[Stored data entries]
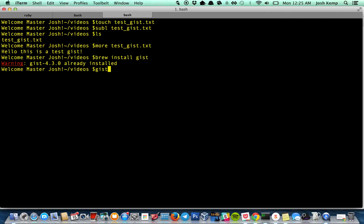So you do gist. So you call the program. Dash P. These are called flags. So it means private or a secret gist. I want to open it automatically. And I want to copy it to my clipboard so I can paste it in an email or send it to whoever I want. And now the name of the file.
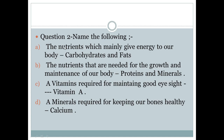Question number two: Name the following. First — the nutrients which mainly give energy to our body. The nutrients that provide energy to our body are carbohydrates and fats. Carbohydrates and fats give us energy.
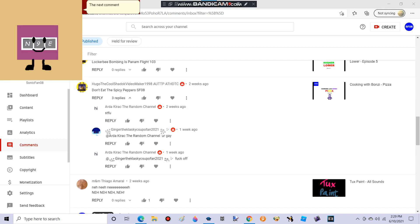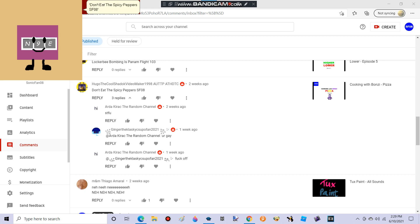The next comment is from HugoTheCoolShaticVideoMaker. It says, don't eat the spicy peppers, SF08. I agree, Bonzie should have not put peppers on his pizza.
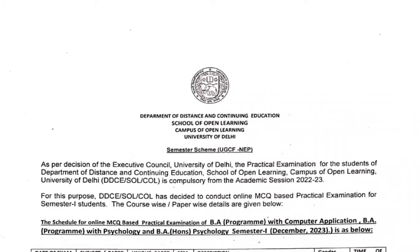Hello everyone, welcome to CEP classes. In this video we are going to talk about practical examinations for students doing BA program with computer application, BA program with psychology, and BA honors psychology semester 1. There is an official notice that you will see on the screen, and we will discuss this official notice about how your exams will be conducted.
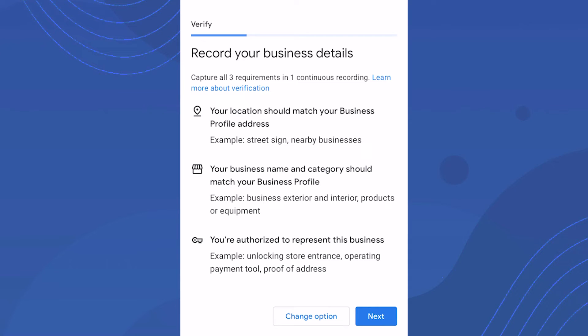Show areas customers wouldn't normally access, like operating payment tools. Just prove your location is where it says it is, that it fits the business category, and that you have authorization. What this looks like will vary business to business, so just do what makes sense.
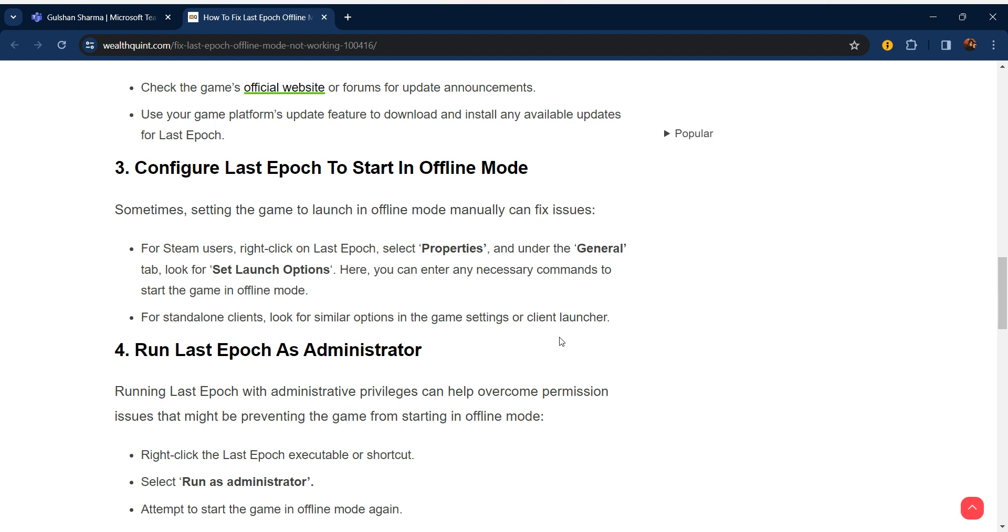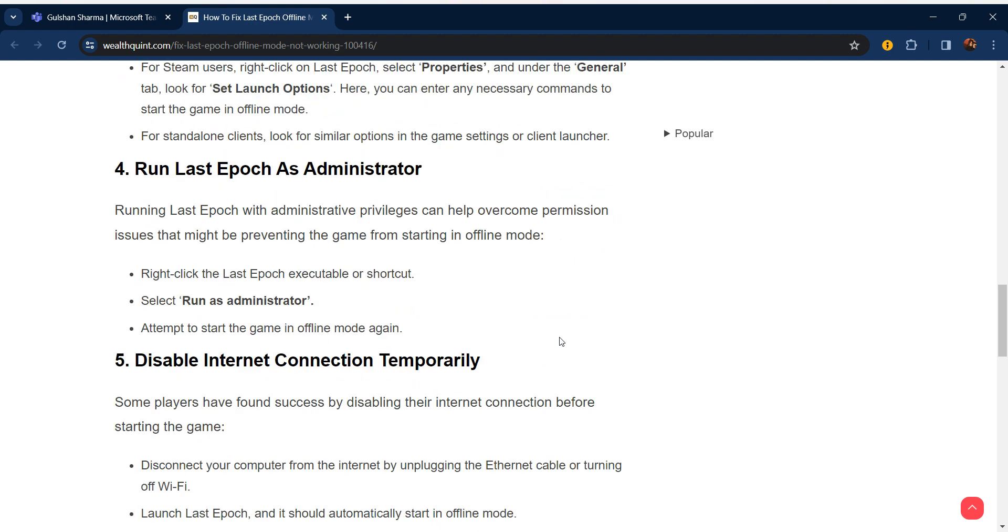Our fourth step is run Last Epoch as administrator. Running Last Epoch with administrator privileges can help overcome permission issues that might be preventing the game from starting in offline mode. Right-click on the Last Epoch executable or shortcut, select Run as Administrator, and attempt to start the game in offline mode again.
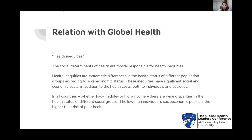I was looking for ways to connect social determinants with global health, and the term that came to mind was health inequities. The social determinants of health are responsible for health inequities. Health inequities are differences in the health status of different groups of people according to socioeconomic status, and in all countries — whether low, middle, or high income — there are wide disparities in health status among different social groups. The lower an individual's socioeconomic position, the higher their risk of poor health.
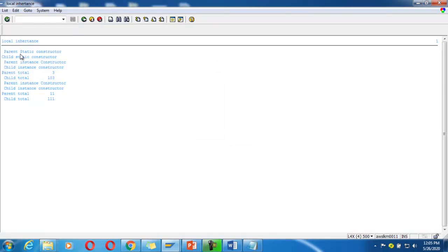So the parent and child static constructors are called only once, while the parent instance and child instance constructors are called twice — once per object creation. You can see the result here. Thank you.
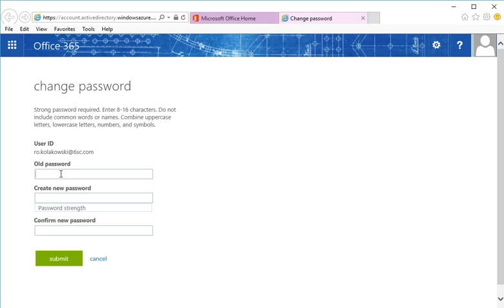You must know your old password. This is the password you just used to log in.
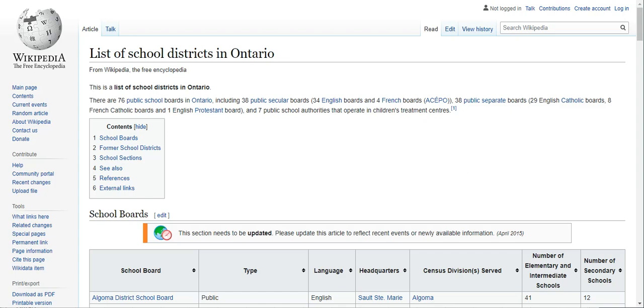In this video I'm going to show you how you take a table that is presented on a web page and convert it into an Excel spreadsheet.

| WHAT TO WORK ON |
Give the lines above again exactly, from the one containing "Question number two: Name" to the one containing "Show areas customers", both included, but leave out the pictures.

| RESPONSE |
Question number two: Name the following. First — the nutrients which mainly give energy to our body. The nutrients that provide energy to our body are carbohydrates and fats. Carbohydrates and fats give us energy.
The next comment is from HugoTheCoolShaticVideoMaker. It says, don't eat the spicy peppers, SF08. I agree, Bonzie should have not put peppers on his pizza.
Hello everyone, welcome to CEP classes. In this video we are going to talk about practical examinations for students doing BA program with computer application, BA program with psychology, and BA honors psychology semester 1. There is an official notice that you will see on the screen, and we will discuss this official notice about how your exams will be conducted.
Show areas customers wouldn't normally access, like operating payment tools. Just prove your location is where it says it is, that it fits the business category, and that you have authorization. What this looks like will vary business to business, so just do what makes sense.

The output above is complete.